* [TASK INSTRUCTIONS]: In the records below, locate the line containing "Apartamento para Venda em Santos - 4"; output that line and every following line through the last, exactly.

* [PROVIDED ENTRIES]:
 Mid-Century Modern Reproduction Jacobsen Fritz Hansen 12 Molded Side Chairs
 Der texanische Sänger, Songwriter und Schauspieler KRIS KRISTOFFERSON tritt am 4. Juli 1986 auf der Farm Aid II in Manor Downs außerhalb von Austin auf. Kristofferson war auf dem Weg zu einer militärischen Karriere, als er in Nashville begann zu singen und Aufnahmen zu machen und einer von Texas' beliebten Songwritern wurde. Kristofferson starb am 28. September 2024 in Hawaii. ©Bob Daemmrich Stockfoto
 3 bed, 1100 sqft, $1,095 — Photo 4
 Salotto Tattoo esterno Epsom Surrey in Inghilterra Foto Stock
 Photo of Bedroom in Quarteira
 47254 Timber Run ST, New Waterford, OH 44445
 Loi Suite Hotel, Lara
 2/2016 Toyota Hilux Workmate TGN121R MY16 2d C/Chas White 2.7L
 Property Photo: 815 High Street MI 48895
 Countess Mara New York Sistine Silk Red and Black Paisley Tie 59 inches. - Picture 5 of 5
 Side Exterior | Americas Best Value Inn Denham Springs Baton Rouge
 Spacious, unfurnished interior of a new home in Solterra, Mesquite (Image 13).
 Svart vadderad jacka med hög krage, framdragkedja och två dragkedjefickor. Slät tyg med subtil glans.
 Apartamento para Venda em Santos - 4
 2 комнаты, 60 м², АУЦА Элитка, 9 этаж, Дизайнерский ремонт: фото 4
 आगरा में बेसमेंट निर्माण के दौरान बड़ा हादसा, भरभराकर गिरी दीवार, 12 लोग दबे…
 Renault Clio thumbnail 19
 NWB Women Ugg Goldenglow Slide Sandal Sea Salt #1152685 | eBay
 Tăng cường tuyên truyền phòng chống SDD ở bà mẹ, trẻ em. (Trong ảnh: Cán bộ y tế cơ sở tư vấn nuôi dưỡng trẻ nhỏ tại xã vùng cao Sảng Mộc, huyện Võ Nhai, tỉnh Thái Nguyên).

* [ANSWER TO THE PROBLEM]:
 Apartamento para Venda em Santos - 4
 2 комнаты, 60 м², АУЦА Элитка, 9 этаж, Дизайнерский ремонт: фото 4
 आगरा में बेसमेंट निर्माण के दौरान बड़ा हादसा, भरभराकर गिरी दीवार, 12 लोग दबे…
 Renault Clio thumbnail 19
 NWB Women Ugg Goldenglow Slide Sandal Sea Salt #1152685 | eBay
 Tăng cường tuyên truyền phòng chống SDD ở bà mẹ, trẻ em. (Trong ảnh: Cán bộ y tế cơ sở tư vấn nuôi dưỡng trẻ nhỏ tại xã vùng cao Sảng Mộc, huyện Võ Nhai, tỉnh Thái Nguyên).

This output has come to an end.